Hassouneh Sayf Al-Deen, Loftus Mark, Yooseph Shibu
Burnett School of Biomedical Sciences, Genomics and Bioinformatics Cluster, University of Central Florida, Orlando, FL, United States.
Department of Computer Science, Genomics and Bioinformatics Cluster, University of Central Florida, Orlando, FL, United States.
Front Microbiol. 2021 Jul 19;12:673632. doi: 10.3389/fmicb.2021.673632. eCollection 2021.

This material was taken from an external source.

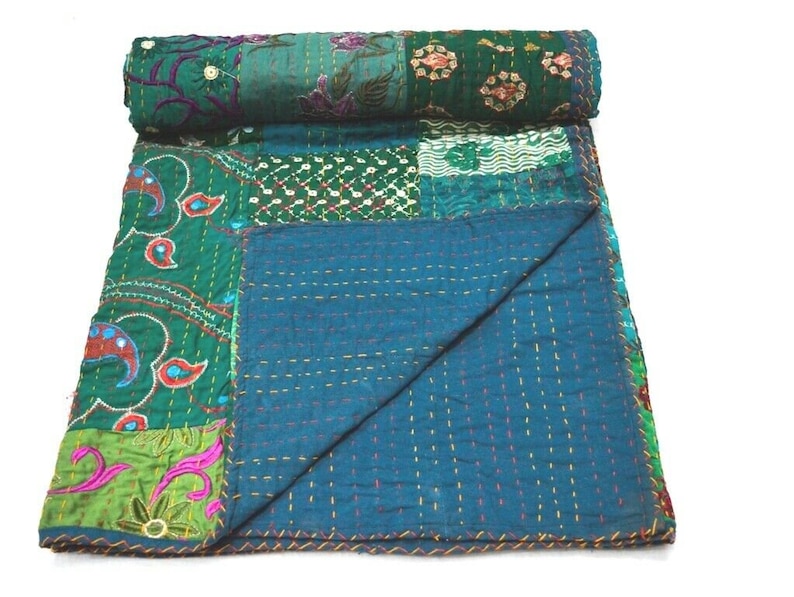 May include: A patchwork quilt with a teal blue background and green, pink, and white floral patterns. The quilt is made of various fabrics and is hand-stitched with intricate details.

Inflammatory bowel disease (IBD) is a chronic disease of the gastrointestinal tract that is often characterized by abdominal pain, rectal bleeding, inflammation, and weight loss. Many studies have posited that the gut microbiome may play an integral role in the onset and exacerbation of IBD. Here, we present a novel computational analysis of a previously published IBD dataset. This dataset consists of shotgun sequence data generated from fecal samples collected from individuals with IBD and an internal control group. Utilizing multiple external controls, together with appropriate techniques to handle the compositionality aspect of sequence data, our computational framework can identify and corroborate differences in the taxonomic profiles, bacterial association networks, and functional capacity within the IBD gut microbiome. Our analysis identified 42 bacterial species that are differentially abundant between IBD and every control group (one internal control and two external controls) with at least a twofold difference. Of the 42 species, 34 were significantly elevated in IBD, relative to every other control. These 34 species were still present in the control groups and appear to play important roles, according to network centrality and degree, in all bacterial association networks. Many of the species elevated in IBD have been implicated in modulating the immune response, mucin degradation, antibiotic resistance, and inflammation. We also identified elevated relative abundances of protein families related to signal transduction, sporulation and germination, and polysaccharide degradation as well as decreased relative abundance of protein families related to menaquinone and ubiquinone biosynthesis. Finally, we identified differences in functional capacities between IBD and healthy controls, and subsequently linked the changes in the functional capacity to previously published clinical research and to symptoms that commonly occur in IBD.
炎症性肠病(IBD)是一种胃肠道的慢性疾病,其特征通常为腹痛、直肠出血、炎症和体重减轻。许多研究认为,肠道微生物群可能在IBD的发病和加重过程中发挥不可或缺的作用。在此,我们对之前发表的IBD数据集进行了一项新颖的计算分析。该数据集由从IBD患者和一个内部对照组采集的粪便样本中生成的鸟枪法序列数据组成。利用多个外部对照组,并结合适当的技术来处理序列数据的组成性问题,我们的计算框架能够识别并证实IBD肠道微生物群在分类学特征、细菌关联网络和功能能力方面的差异。我们的分析确定了42种细菌,它们在IBD与每个对照组(一个内部对照组和两个外部对照组)之间的丰度存在差异,且差异至少为两倍。在这42种细菌中,相对于其他每个对照组,有34种在IBD中显著升高。根据网络中心性和度数,这34种细菌在所有细菌关联网络中仍然存在,并且似乎发挥着重要作用。许多在IBD中升高的细菌种类与调节免疫反应、粘蛋白降解、抗生素耐药性和炎症有关。我们还发现与信号转导、孢子形成和萌发以及多糖降解相关的蛋白质家族的相对丰度升高,以及与甲基萘醌和泛醌生物合成相关的蛋白质家族的相对丰度降低。最后,我们确定了IBD与健康对照组在功能能力方面的差异,并随后将功能能力的变化与之前发表的临床研究以及IBD中常见的症状联系起来。